Extracted data
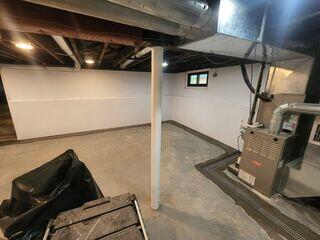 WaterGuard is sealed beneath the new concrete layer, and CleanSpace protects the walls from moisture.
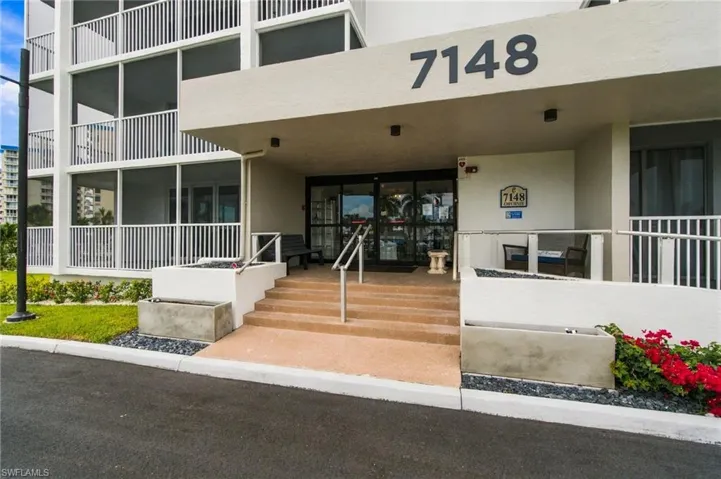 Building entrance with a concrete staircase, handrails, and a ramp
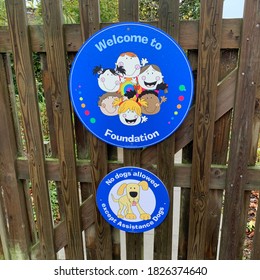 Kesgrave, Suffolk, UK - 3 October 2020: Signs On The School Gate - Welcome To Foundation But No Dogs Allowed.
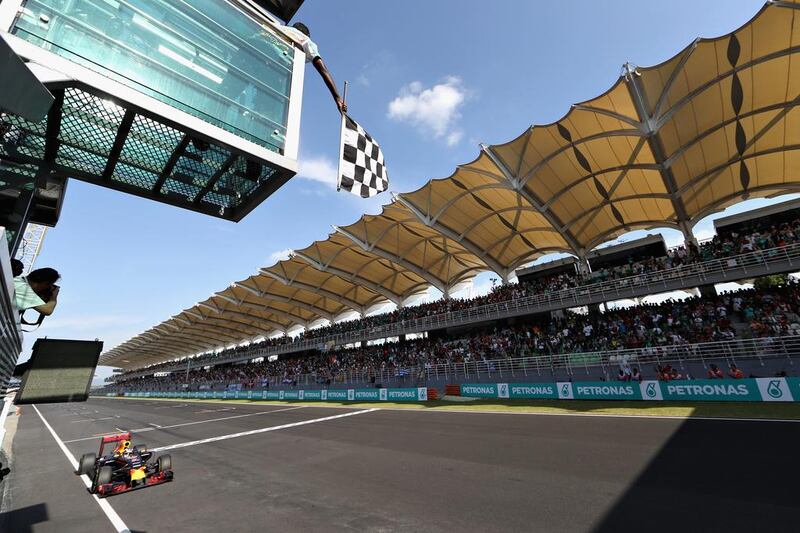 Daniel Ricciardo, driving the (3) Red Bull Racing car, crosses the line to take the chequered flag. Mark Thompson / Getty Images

--

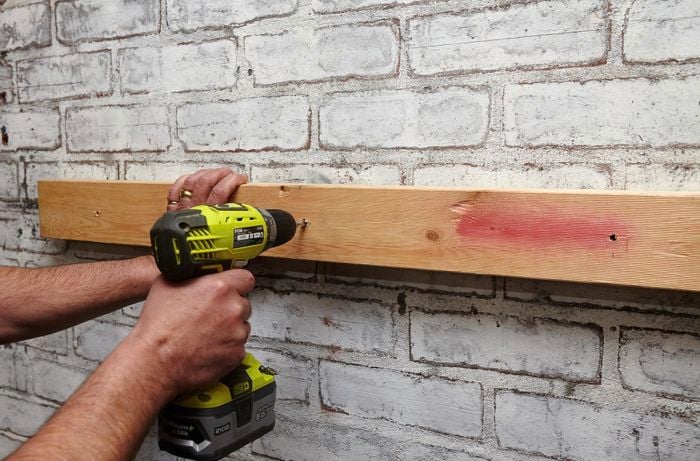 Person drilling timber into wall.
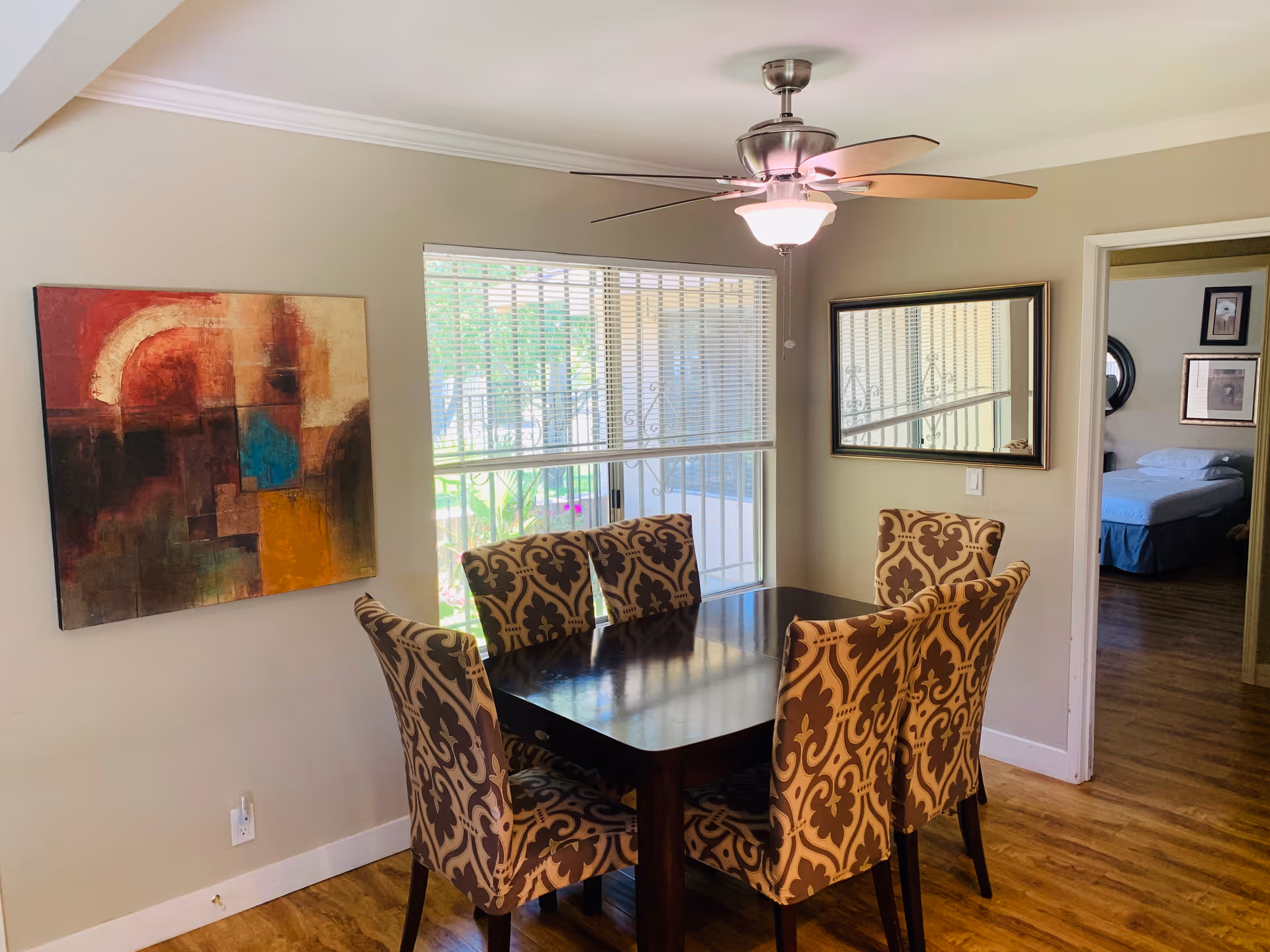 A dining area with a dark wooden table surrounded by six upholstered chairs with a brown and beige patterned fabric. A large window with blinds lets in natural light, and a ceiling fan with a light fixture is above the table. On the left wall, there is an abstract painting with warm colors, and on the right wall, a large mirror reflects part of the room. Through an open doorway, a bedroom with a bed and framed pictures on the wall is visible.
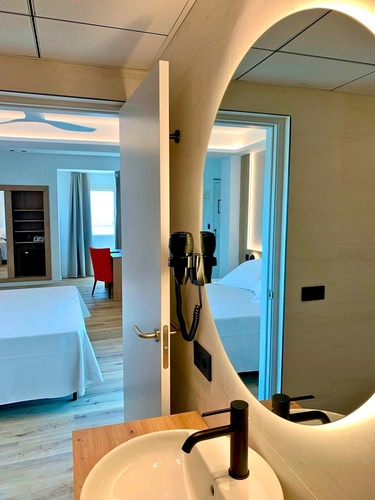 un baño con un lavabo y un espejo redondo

Required work
Only the lines starting at the one with "WaterGuard is sealed" and ending at the one with "Daniel Ricciardo, driving" should be printed, each exactly as it appears in the material above; the pictures are to be omitted.

Answer section
 WaterGuard is sealed beneath the new concrete layer, and CleanSpace protects the walls from moisture.
 Building entrance with a concrete staircase, handrails, and a ramp
 Kesgrave, Suffolk, UK - 3 October 2020: Signs On The School Gate - Welcome To Foundation But No Dogs Allowed.
 Daniel Ricciardo, driving the (3) Red Bull Racing car, crosses the line to take the chequered flag. Mark Thompson / Getty Images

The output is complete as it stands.